Dès l'invasion de la Crimée, le conflit ukrainien a été source d'enseignements dans le domaine cyber. Auparavant, la Russie avait déjà affiché sa force de frappe cyber lors d'interventions dans plusieurs pays, dont les États-Unis, le Sénégal, le Mali et la France. Cette puissance est notamment due à une politique permissive vis-à-vis des pirates informatiques russes qui, depuis la fin de la guerre froide, doivent travailler aussi pour les services russes s'ils veulent maintenir leurs activités crapuleuses sans être inquiétés. Cet hébergement d'activités cybercriminelles est une particularité russe.
En 2014, la Russie a tenté d'influer sur l'élection présidentielle ukrainienne en lançant des attaques par déni de service sur des sites gouvernementaux.

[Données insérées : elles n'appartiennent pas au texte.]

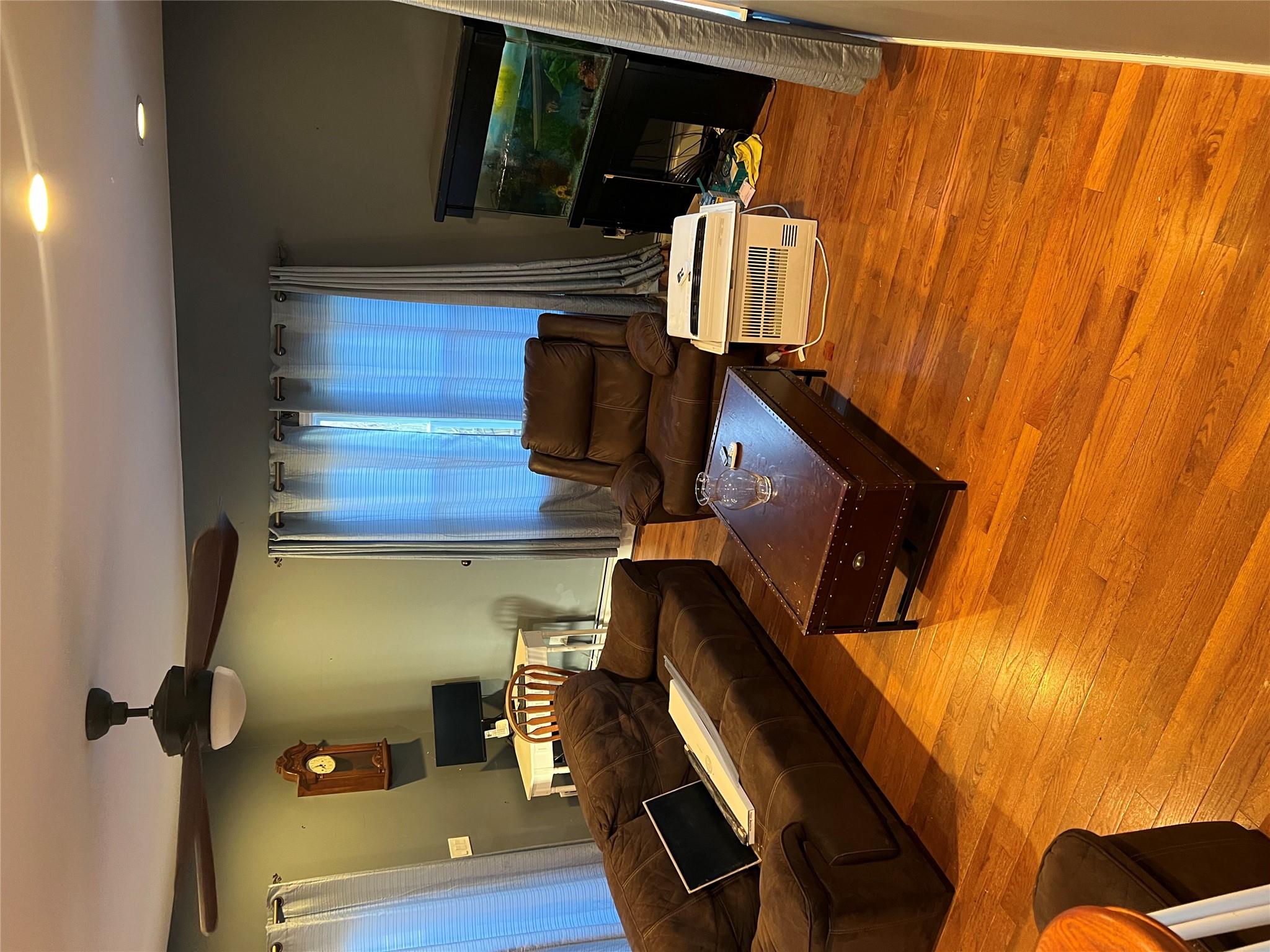372 Rider Avenue, Patchogue, New York image 12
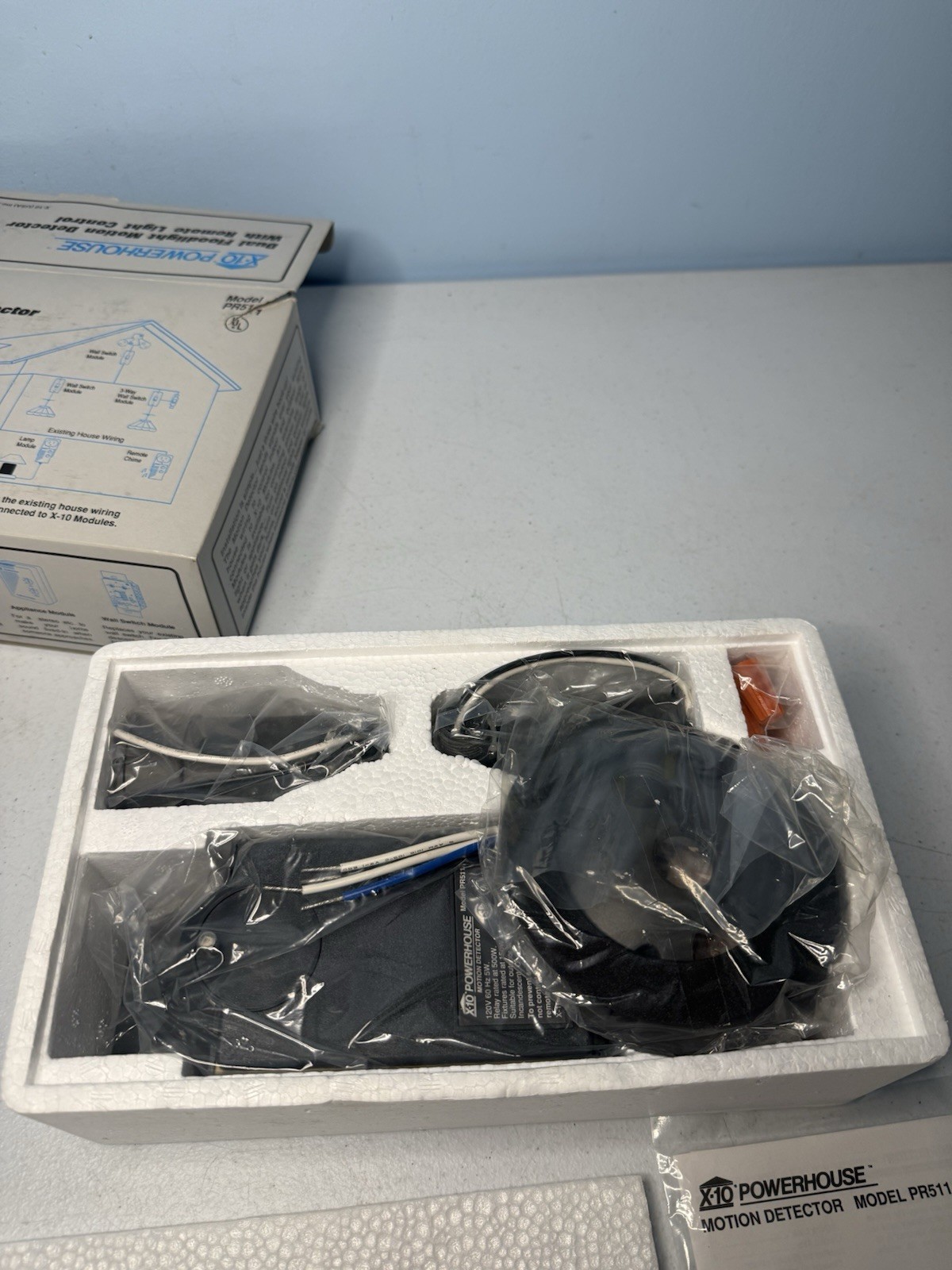 X-10 POWERHOUSE Dual Floodlight Motion Detector w/ Remote Control PR511 NEW NOS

En les rendant inaccessible ou en les effaçant, Moscou voulait démontrer sa capacité à faire un coup de force et amener les Ukrainiens à choisir un président pro-russe pour éviter des représailles.
Dans la semaine précédant l'invasion russe, l'Ukraine a dénombré plus de 200 cyberattaques sur son territoire, visant des sites gouvernementaux, des hôpitaux et des moyens de production. Par le biais de ce black-out, la Russie espérait faciliter son intervention.
Le 26 février 2022, le vice-premier ministre ukrainien, ministre de la transformation numérique, M. Fedorov, a proposé à toute personne sachant pirater des réseaux et souhaitant aider l'Ukraine de se manifester en attaquant la Russie. Il en est résulté une riposte d'ampleur : de nombreux hackers ont soutenu l'Ukraine, aux côtés de grandes sociétés que vous avez citées. Chaque jour, nous mesurons l'impact de la contre-attaque ukrainienne, qui se manifeste en faisant tomber des sites pro-russes ou en révélant des positions russes grâce aux flux vidéo ou aux signaux GPS.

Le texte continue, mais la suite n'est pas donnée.